About 12 years ago Pendulo released a Spanish language game called
Hollywood Monsters. It featured Sue Bergman and Ron Ashman, rival
journalists working for The Quill, and on assignment together at the
Monsters Ball being held at the swanky mansion of movie mogul Otto
Hanover. The monsters were real, the journalists jocular, and it never saw
the English light of day (although an incomplete pre-production English
language version apparently exists).
Cue 2011, and
Pendulo releases The Next BIG Thing, featuring Dan Murray and Liz
Allaire, journalistic colleagues working for The Quill. Dan is hardboiled,
sports to the core, forced to do penance on the society pages. Liz is
perky, ambitious and hoping for greatness. On assignment together at the
Horror Movie Awards, Liz spies BIG Albert sneaking into the mansion of
monster (literally) movie mogul William FitzRandolph.
So do we have Hollywood
Monsters the sequel, or Hollywood Monsters in English, or a new
realisation of the old, or something else altogether? Do some Googling and
you will get more than one hit saying the Spanish version will be called
Hollywood Monsters 2. I have no idea whether it is, and it doesn’t
matter. Whatever it is, it’s fun.
Pull petals from the daisy
of existence
Pendulo is best known for the
three Runaway games, and there is a lot of Runaway in here.

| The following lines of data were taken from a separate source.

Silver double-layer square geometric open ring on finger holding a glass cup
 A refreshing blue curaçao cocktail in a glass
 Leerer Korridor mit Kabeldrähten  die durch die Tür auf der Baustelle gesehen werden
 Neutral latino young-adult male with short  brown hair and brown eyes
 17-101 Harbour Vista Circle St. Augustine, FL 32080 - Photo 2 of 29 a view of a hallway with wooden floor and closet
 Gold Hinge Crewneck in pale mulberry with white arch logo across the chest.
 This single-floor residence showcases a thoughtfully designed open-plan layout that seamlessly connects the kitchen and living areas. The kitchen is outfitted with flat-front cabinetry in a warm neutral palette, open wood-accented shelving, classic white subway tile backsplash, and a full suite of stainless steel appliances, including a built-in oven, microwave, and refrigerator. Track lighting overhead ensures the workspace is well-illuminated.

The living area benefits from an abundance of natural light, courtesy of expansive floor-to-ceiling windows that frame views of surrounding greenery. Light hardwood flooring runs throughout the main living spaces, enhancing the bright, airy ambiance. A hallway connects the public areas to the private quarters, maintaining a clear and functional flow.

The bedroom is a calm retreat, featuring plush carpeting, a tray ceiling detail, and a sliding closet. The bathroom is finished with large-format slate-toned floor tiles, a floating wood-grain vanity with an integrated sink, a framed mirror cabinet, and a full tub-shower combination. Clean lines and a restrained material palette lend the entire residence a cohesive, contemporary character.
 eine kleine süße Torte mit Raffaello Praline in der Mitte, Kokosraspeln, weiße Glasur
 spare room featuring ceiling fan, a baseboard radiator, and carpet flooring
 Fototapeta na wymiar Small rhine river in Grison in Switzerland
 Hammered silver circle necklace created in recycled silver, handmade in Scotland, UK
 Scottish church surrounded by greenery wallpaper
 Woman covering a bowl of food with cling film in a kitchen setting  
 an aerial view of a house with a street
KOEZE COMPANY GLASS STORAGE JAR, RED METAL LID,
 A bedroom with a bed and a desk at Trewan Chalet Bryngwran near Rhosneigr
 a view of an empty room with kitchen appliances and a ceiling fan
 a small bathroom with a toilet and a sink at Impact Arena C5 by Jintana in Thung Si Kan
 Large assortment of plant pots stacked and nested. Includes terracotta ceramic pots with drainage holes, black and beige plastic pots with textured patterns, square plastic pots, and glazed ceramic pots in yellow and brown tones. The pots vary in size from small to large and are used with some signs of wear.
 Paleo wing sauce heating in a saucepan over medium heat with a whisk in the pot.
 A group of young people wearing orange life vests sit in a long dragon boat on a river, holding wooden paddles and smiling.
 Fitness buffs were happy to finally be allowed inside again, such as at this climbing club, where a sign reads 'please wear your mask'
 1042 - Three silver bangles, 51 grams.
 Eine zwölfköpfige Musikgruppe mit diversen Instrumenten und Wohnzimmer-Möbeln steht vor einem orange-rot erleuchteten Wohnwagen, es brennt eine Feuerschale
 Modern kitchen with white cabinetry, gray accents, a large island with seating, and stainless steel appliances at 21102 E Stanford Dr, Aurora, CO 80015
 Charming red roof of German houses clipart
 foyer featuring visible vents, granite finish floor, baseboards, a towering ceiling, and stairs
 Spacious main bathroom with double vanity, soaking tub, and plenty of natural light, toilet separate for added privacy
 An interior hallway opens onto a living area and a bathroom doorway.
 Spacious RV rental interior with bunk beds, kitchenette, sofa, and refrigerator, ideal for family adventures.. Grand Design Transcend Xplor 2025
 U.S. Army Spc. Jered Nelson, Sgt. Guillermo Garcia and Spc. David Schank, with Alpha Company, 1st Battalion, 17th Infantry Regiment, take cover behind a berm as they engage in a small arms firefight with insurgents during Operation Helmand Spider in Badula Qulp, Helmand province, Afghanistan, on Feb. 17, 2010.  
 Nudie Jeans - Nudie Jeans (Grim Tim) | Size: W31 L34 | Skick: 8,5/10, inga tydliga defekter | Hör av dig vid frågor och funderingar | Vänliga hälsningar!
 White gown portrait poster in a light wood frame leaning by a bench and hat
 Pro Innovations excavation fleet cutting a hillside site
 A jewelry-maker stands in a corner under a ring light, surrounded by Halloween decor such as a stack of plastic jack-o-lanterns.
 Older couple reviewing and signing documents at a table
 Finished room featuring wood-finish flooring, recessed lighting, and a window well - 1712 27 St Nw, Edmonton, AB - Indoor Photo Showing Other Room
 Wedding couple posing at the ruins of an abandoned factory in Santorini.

However the absurdity level is cranked way up - offbeat, quirky and wacky
could all get a descriptive jersey. From Professor Fly (who really is) to
the Poet of Pain, about the only almost ordinary character is Dan himself
(and that’s by comparison).
From the moment you stare the
opening fish in the face, you know this is going to look good. The
cinematic cut scenes in particular stand out. Storyboarded then shot with
real actors before being animated, the final result is superb. The game
world itself is not far behind, being high definition and lavishly
coloured. Liz’s “headspace” is a highlight, as is her foray into the art
world.
I haven’t encountered a character
I have enjoyed as much as Liz since…well, Isabelle
(a little
GameBoomers joke). Seriously though, how can you not like a hyperactive
tousled blonde who talks to herself, is afraid of crocodile paintings,
blurts out the occasional bit of nonsense (there are very few questions
you can answer with “vegetable soup”), and knows what others are going to
say before they say it? Plus she looks great in a cocktail dress.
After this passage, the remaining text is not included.